If you’d like to give this approach to display advertising a try, reach out to DemandJump. We’re happy to help you deliver relevant advertisements without invading anyone’s privacy.
What are internet cookies?
The term cookies refers to lines of code that are placed on your computer by another website. These cookies log information regarding your internet activity for a variety of future uses. This information is often used to provide a positive user experience if you ever revisit a website. But the specific use, and beneficiary, of this cookie data depends on who places the cookie.
What are first-party cookies?
First-party cookies are placed on your computer by the website you are visiting at the time. Similarly, they can only be read by the website creating the cookie - so they are useless to advertisers (see below for more information). As touched on above, first-party cookies help provide a positive user experience to the website visitor, for example, by remembering what you’ve added to your shopping cart when returning to an eCommerce website. They might also help a website tailor content to your interests based on what you’ve looked at on their site in the past.
What are third-party cookies?
Third-party cookies are stored on your computer by websites other than the one you are visiting at the time, and are largely used for advertising purposes. They’re what allow us advertisers to target specific audiences with our ads.
One common use of third-party cookies is for retargeting purposes. In this case, they are placed by an adtech vendor. These third-party cookies are what enable companies to advertise to you with products you recently checked out on their website. They often stay on your browser so that other advertisers can identify your interests and advertise to you with products you might like.

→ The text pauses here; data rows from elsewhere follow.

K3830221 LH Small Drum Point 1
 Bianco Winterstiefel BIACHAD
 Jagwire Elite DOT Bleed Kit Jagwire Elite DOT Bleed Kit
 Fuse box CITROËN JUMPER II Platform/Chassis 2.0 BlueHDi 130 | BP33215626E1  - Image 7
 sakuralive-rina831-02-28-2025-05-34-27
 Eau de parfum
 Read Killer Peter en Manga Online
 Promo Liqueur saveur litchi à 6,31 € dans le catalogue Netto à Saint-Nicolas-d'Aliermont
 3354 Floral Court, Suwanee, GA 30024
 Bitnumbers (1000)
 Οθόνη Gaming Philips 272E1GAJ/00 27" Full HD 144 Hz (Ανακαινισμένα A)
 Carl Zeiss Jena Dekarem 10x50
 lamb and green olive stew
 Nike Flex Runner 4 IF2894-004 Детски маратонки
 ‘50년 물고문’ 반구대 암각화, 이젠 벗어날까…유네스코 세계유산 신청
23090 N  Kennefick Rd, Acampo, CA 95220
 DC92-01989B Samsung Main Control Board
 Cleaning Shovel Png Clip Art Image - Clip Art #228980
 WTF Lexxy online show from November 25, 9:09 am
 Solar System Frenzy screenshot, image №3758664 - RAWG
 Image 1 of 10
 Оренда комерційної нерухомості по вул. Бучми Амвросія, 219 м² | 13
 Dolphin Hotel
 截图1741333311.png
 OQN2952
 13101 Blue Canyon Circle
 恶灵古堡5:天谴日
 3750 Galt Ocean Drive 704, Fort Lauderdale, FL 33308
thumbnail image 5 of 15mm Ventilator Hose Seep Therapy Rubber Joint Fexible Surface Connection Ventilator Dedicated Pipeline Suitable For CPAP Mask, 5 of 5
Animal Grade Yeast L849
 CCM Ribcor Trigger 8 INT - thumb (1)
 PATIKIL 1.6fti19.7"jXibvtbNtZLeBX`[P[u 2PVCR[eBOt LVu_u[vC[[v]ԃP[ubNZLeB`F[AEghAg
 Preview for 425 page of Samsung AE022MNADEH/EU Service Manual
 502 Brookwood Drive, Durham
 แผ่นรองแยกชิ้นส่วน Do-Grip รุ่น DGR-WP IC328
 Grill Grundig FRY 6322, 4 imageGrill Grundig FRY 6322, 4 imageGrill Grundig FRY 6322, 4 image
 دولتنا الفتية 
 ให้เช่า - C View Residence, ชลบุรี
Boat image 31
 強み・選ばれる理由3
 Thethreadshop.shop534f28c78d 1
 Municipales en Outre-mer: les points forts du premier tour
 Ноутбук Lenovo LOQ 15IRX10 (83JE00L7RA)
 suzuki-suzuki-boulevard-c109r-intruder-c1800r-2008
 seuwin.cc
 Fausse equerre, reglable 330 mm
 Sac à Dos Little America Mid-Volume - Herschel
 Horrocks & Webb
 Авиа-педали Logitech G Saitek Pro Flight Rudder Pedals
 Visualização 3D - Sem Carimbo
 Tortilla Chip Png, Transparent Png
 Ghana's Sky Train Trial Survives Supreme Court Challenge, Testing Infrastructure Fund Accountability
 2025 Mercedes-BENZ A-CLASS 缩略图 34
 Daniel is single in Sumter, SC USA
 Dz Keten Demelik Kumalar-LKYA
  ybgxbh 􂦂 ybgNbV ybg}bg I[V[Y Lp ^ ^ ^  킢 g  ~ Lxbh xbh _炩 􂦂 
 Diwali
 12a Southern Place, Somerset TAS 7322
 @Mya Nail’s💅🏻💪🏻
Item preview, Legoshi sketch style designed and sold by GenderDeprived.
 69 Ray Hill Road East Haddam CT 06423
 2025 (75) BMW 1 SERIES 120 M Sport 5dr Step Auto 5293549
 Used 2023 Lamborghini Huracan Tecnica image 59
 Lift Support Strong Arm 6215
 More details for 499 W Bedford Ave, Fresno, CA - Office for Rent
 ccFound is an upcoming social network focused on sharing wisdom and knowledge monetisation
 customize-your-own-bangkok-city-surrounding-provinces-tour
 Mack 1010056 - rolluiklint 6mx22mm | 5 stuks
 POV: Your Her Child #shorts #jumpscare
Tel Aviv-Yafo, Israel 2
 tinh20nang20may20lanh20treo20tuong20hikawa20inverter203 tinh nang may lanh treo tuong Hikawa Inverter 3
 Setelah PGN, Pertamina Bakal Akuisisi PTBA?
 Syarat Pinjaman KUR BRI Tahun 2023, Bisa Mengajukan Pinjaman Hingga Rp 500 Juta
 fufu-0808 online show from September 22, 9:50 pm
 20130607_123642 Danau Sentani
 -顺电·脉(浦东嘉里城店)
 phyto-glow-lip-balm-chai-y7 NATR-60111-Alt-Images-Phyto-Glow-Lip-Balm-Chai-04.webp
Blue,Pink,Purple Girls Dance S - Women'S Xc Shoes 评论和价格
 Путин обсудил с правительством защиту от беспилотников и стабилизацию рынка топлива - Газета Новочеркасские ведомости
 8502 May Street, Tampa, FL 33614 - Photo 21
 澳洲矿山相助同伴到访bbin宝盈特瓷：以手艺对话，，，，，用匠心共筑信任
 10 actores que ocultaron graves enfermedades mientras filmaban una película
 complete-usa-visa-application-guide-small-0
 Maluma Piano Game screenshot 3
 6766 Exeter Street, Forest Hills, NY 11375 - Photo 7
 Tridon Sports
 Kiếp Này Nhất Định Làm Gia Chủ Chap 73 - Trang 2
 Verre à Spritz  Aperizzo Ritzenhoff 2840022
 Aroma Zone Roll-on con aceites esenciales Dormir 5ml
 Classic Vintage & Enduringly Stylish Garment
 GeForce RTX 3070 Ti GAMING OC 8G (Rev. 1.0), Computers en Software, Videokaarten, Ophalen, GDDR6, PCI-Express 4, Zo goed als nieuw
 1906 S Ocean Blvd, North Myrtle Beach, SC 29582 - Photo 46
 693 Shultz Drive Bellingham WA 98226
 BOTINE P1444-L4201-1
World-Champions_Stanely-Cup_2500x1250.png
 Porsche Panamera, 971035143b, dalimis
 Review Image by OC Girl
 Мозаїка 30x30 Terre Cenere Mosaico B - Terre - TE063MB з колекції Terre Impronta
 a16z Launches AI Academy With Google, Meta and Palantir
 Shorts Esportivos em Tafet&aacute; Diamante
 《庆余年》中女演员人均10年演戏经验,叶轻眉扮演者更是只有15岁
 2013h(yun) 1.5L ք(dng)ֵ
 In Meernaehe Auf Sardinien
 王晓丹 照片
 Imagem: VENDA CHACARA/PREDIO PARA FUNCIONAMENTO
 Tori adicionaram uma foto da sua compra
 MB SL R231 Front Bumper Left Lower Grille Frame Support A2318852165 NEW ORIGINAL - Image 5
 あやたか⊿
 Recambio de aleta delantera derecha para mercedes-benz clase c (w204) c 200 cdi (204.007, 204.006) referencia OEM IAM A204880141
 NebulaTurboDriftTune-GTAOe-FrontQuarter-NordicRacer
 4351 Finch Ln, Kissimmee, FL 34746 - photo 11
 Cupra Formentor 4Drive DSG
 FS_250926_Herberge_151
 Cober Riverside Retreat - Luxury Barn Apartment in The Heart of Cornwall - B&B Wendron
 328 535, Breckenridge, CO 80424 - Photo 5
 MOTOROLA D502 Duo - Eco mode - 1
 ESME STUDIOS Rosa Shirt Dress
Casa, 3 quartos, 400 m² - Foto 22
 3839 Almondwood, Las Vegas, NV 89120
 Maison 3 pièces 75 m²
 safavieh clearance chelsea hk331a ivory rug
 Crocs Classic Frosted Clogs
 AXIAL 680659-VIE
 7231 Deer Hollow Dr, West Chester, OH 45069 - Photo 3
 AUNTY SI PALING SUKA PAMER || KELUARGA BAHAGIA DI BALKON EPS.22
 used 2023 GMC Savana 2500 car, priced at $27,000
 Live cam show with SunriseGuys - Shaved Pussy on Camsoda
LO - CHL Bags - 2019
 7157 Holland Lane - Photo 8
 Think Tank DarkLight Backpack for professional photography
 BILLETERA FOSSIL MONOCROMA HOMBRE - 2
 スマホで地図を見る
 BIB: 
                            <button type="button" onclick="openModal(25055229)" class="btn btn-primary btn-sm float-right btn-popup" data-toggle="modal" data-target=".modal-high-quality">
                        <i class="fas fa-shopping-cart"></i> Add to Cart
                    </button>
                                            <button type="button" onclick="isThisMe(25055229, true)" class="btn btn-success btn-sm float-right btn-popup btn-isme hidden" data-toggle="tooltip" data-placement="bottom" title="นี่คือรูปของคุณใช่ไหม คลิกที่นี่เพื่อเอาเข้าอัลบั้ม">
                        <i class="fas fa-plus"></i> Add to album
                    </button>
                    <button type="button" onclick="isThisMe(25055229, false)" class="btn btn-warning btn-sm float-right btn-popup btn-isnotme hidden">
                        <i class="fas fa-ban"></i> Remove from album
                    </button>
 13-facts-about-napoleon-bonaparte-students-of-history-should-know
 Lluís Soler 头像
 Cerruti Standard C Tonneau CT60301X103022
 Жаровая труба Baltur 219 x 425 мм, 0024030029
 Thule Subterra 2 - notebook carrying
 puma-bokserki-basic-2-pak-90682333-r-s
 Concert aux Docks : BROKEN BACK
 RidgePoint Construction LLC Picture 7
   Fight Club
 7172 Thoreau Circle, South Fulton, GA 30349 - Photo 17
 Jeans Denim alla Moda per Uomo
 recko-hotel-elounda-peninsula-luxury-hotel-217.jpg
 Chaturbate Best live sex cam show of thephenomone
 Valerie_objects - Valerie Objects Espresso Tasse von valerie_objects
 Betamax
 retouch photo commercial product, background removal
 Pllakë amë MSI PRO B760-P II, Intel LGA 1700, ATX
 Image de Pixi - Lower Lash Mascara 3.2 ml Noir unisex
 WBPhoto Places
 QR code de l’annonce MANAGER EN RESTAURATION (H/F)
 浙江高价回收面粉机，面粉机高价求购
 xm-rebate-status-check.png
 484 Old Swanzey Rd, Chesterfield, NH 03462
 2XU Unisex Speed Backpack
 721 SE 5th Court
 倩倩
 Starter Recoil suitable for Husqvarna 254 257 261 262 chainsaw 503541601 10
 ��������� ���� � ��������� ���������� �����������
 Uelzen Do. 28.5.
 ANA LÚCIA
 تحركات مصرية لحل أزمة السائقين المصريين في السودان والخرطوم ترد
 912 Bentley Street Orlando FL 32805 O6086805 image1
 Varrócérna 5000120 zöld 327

Another way third-party cookies are stored are by social sharing icons. When you are on a website and want to share the blog you are reading, you are often given the opportunity to do so with a variety of social buttons. This ability is provided by an other tech provider than the website you are on and allows this third-party to remember that you’ve been to this website. They can then sell this information to advertisers wishing to target you and others like you who have been to such websites in the past.